This task asks for the lines from the one with "That's it —" to the final line below, repeated exactly, with pictures omitted.

┏━━

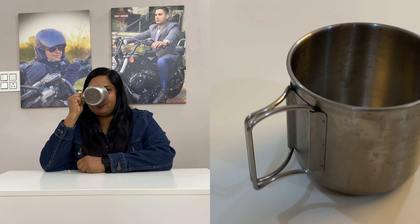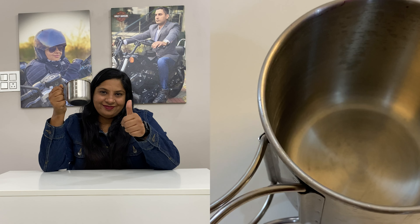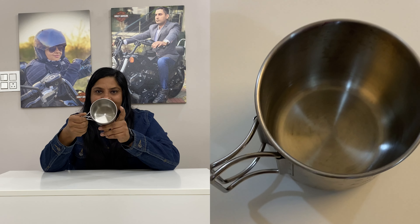It has a very good finish. The handles are very easy to hold even when drinking very hot tea or coffee. The heat is easily dissipated from the handle and it does not burn your fingers.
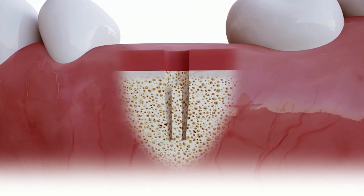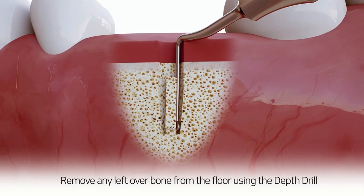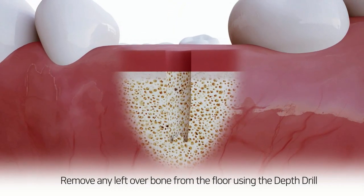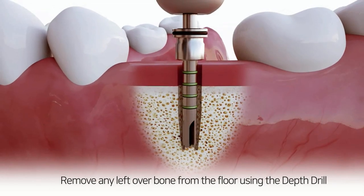Remove the bone cord using the spoon excavator. Then remove any leftover bone from the floor using the depth drill.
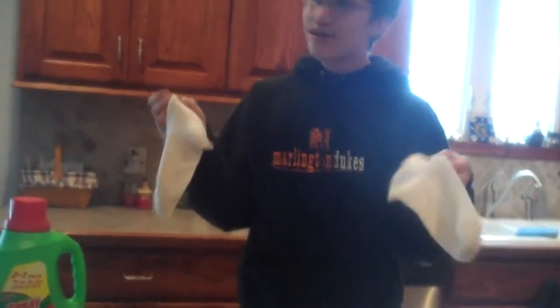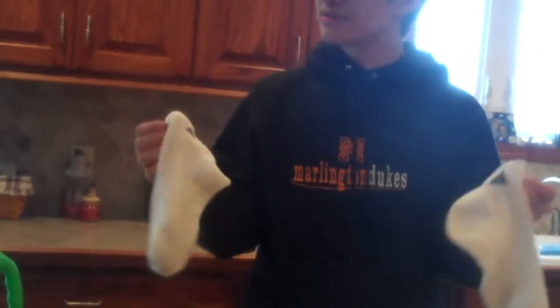Look at these average-looking, ordinary pairs of socks. You know, anytime these could just be covered in jelly.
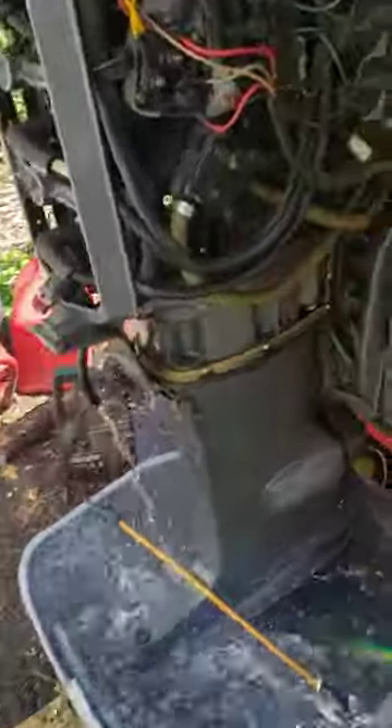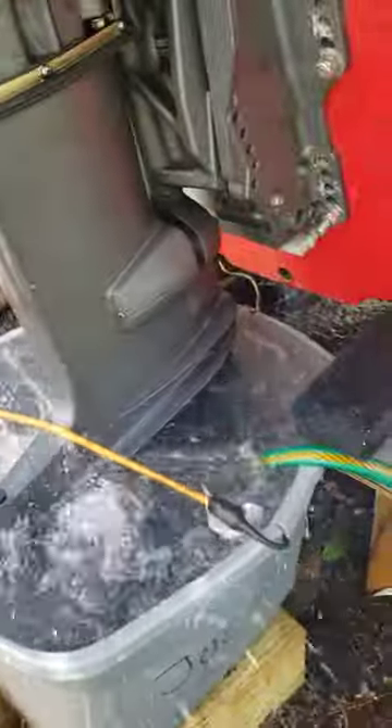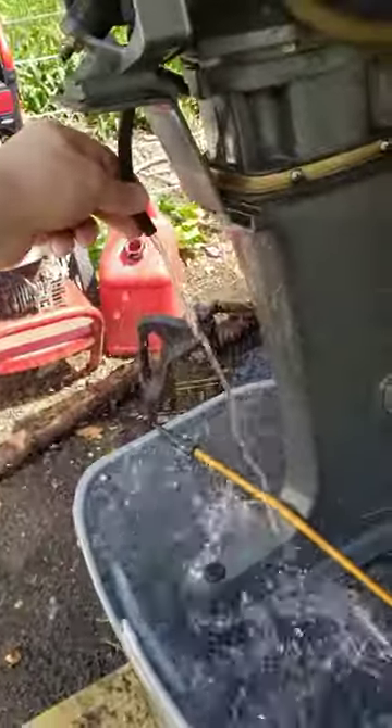Alright, just fired up. It's in neutral. Water pump — you can see how well it's working. Strong P2.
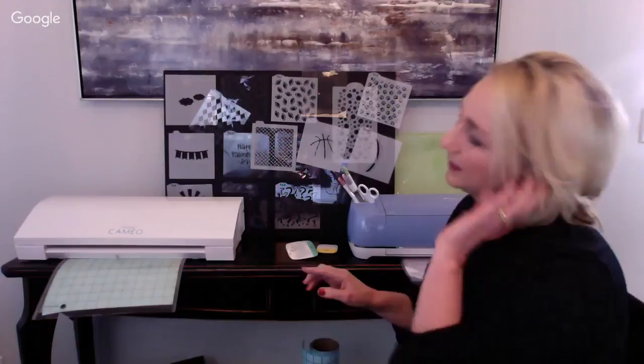I help people every day in that group and really enjoy it. The number one question I get is: I don't know what machine to buy, I don't even know where to start. So I'm going to try to answer those questions for new people, and also share tips for people who've been using their cutting machine but don't know how to use it for stencils. I also have tons of resources for you.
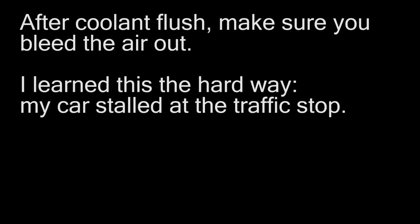After flushing the coolant, leave the radiator cap open while running the engine for 10 minutes, then turn on the heater to let the coolant circulate and push the air out. It's important to bleed the air out so the coolant works efficiently and, more importantly, so the sensors are working properly. The idle control unit may also need time to relearn the idling control.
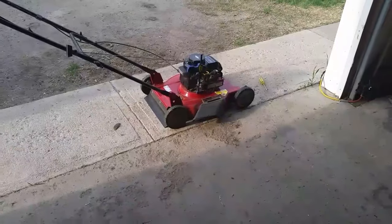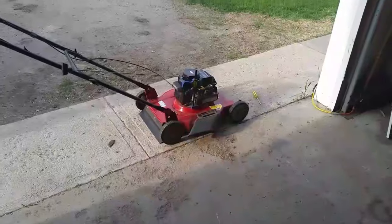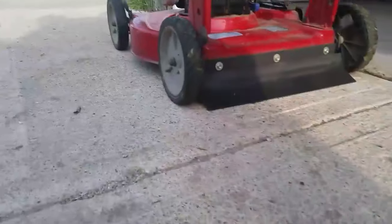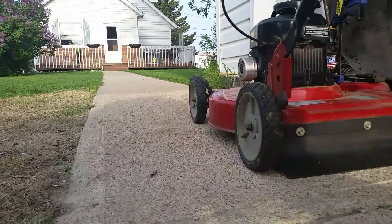All right, so it's been about 20 minutes now. We're gonna give the lawn mower a start. I anticipate it's probably gonna take a couple pulls of the cord to get it going because it's gummed up right now with Sea Foam. We'll give three primes on the prime button and pull the cord and see what happens.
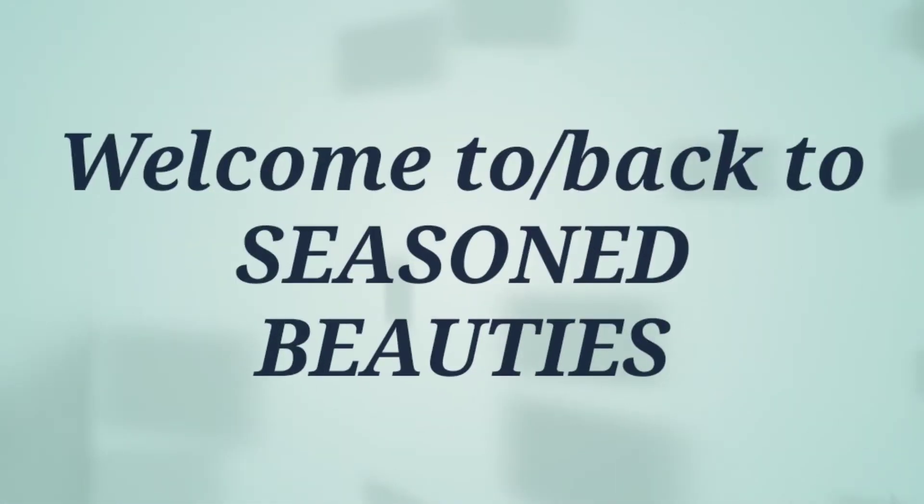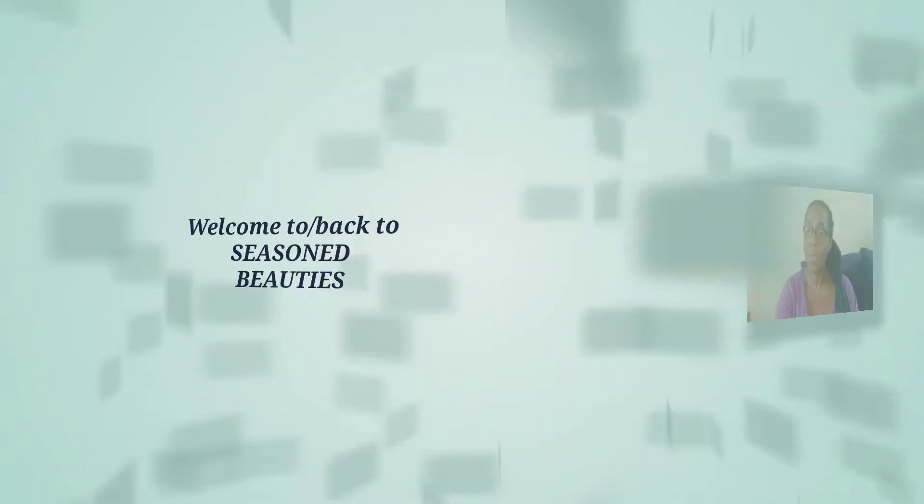Hello everyone, my name is Gina, and I would like to officially welcome you to Seasoned Beauties. If this is your first time visiting with us today, thank you so much for choosing to check us out. If you are returning, thank you so much — your girl really does appreciate it.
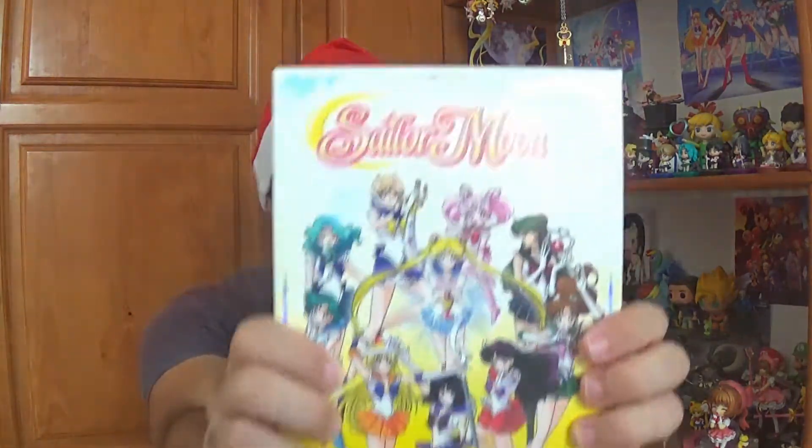Viz Media has done a wonderful job so far. Uranus, Neptune, and even Pluto — Veronica Taylor — they do such an amazing job. And I love this picture by Marco Alberto, I believe it's pronounced. I just love this image, so without further ado, let's see what this comes with.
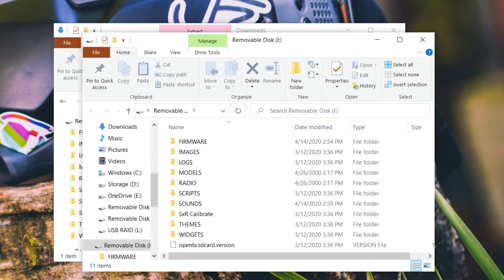Next, you need to get at the SD card in your radio. In my case, the Radiomaster TX-16S, it's very easy to pull the SD card out of the bottom of the radio. I've just plugged it into a card reader on my computer. You can also plug the USB port into your radio — the radio will pop up a dialog box and you'll choose Mass Storage.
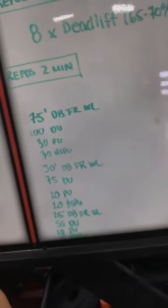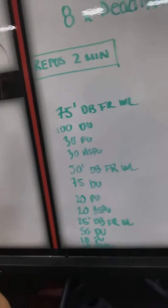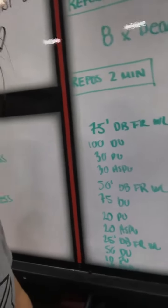For those of you who don't know what it is, I'm going to try and show it to you here. So it's for time. You have 75 feet dumbbell front rack walking lunges — 35 pounds for the ladies, 50 for the men — then 100 double unders, 30 pull-ups, and 30 handstand push-ups.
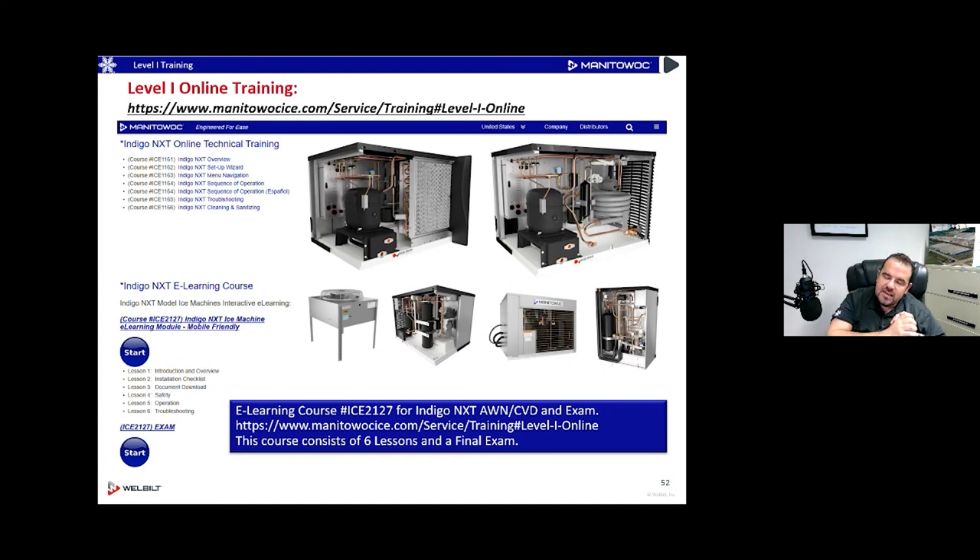Make sure you only use Manitowoc OEM descaler and sanitizer — those are the only ones approved for our evaporators. Our evaporators generally have a five-year warranty on them, and using non-approved chemicals could void that warranty. We don't want to find out a warranty claim was made after the machine was cleaned with something unapproved.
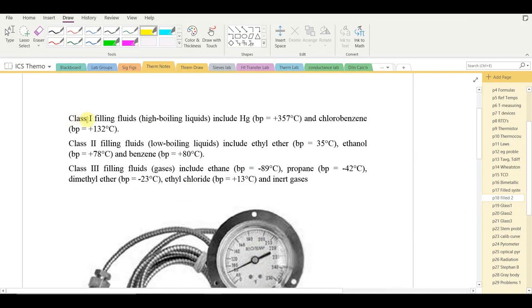Class 1 filling liquids are high-boiling liquids like mercury or chlorobenzene. Class 2 systems use low-boiling liquids — a mixture of liquid and vapor — such as ethyl ether, ethanol, or benzene. Class 3 filled thermal systems contain strictly gases such as ethane, propane, dimethyl ether, and ethyl chloride.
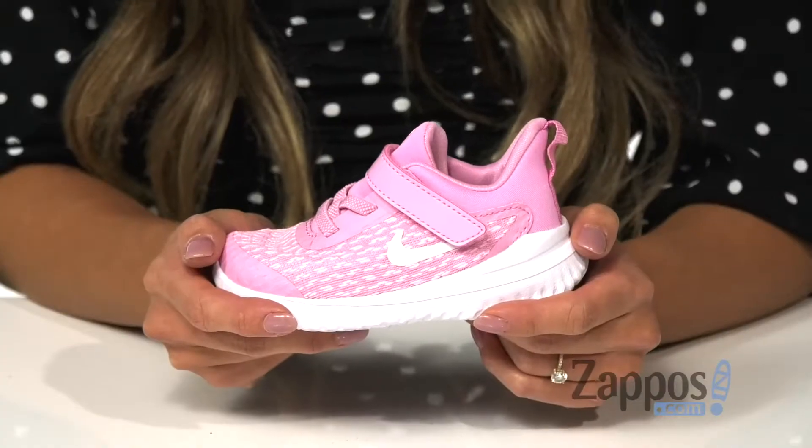Hey there, I'm Riku from Zappos, and today I'll be talking about the Rival by Nike Kids. Your mini-me will be ready for any adventure with these sneakers.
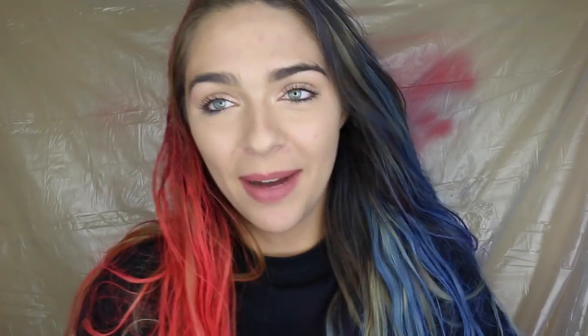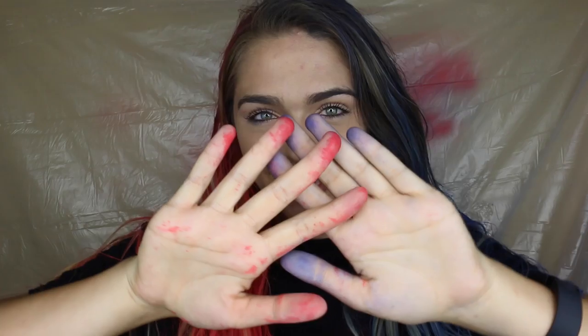I'm gonna go wash my hair and my hands. So yeah guys, I will see you very soon. My blue and my pink hands say goodbye to you!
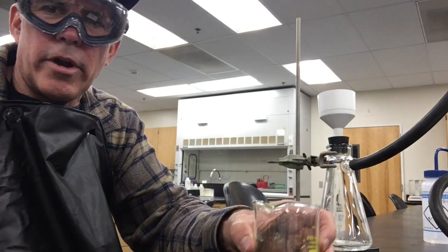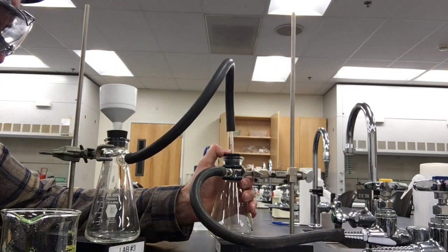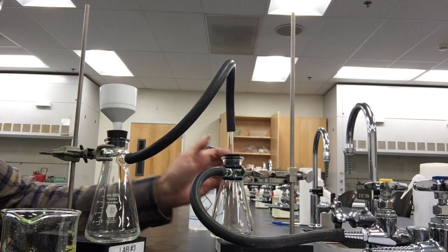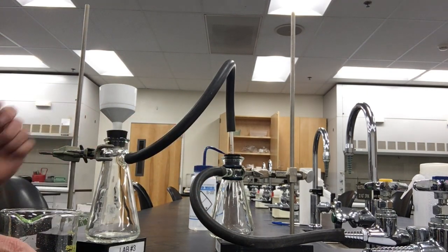So what I've set up is a safety trap. Any solution that gets sucked through this hose — probably not much will — it's going to go into the trap.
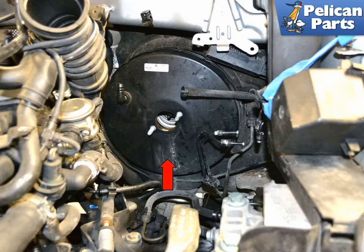Most importantly, do not forget to bleed the entire brake system before you drive the car. Do not attempt to drive the vehicle without first bleeding the system.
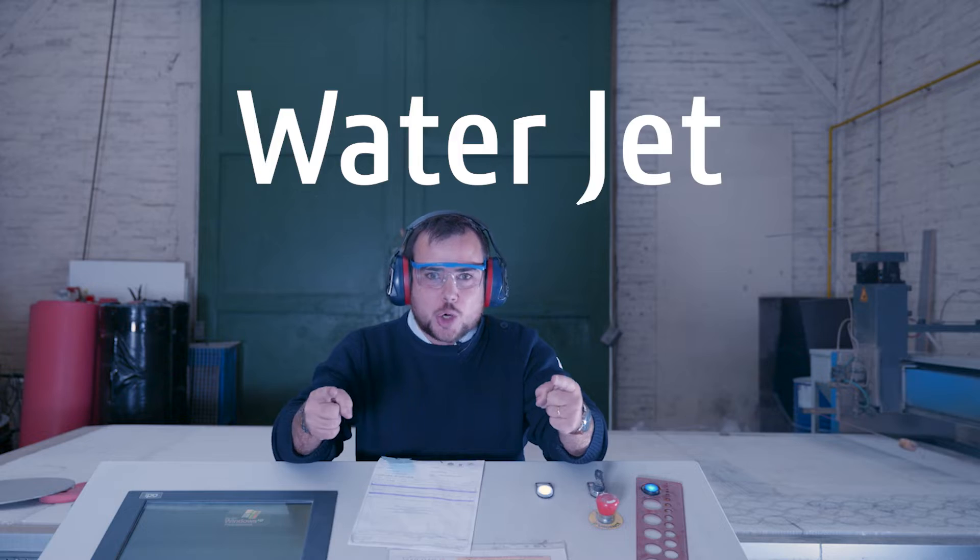Hello, today we're at Enfie, partner of Normandy Ecospace, and we are going to talk about water jet cutting.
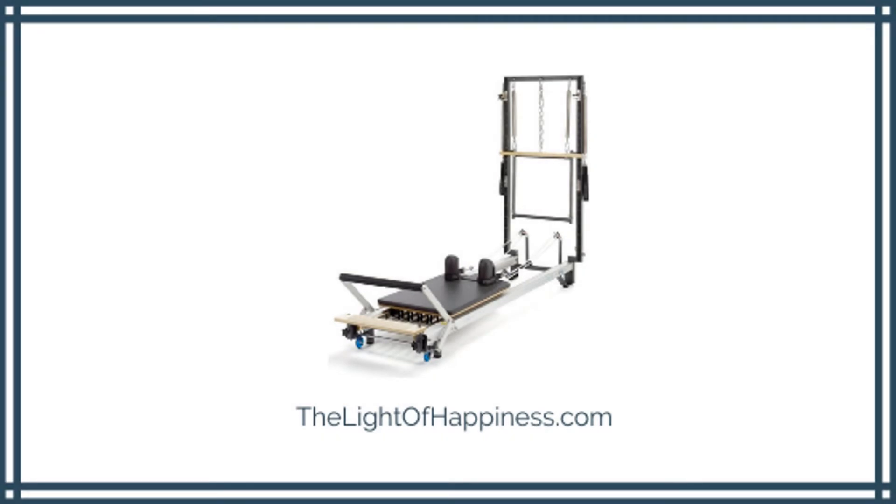It is without question that the best STOTT Pilates reformer for home use is the STOTT Pilates Merithew SPX Max Plus Reformer. This beast of a Pilates machine may be considered the ultimate reformer.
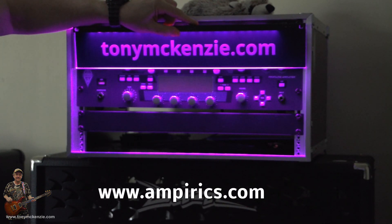That's it — hope you like it. www.amperics.com.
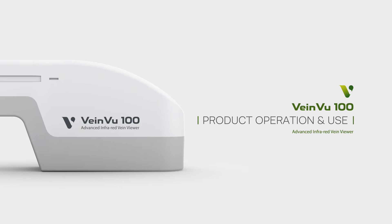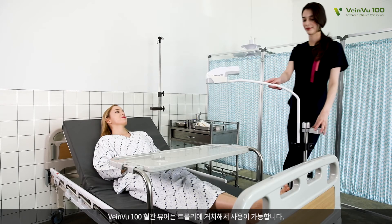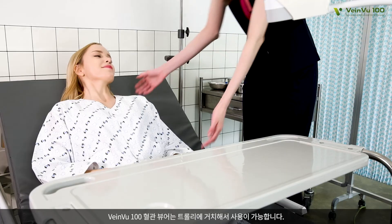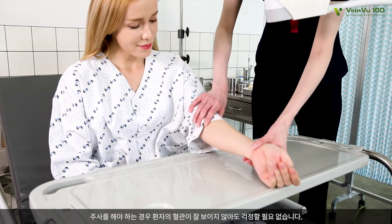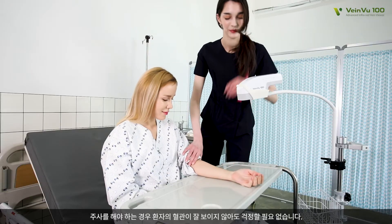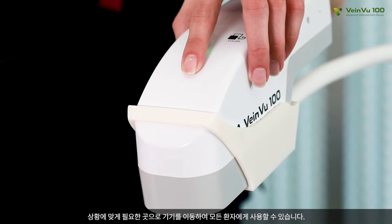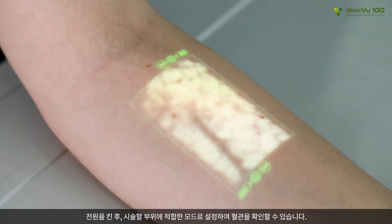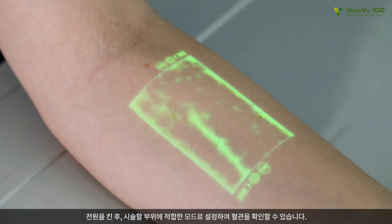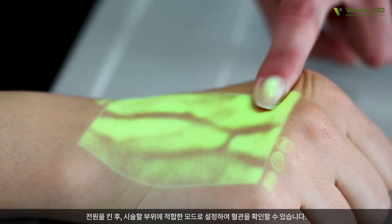Product Operation and Use. To use VeinView 100 Transilluminator, put it in a trolley. When giving an injection, you need not worry it is hard to find a patient's vein. Move the device to the patient and find his or her vein to operate. Change the mode in which a vein is observed well from a view of medical staff, and then start to operate.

┗━━

WRITTEN RESPONSE =>
That's it — hope you like it. www.amperics.com.
Product Operation and Use. To use VeinView 100 Transilluminator, put it in a trolley. When giving an injection, you need not worry it is hard to find a patient's vein. Move the device to the patient and find his or her vein to operate. Change the mode in which a vein is observed well from a view of medical staff, and then start to operate.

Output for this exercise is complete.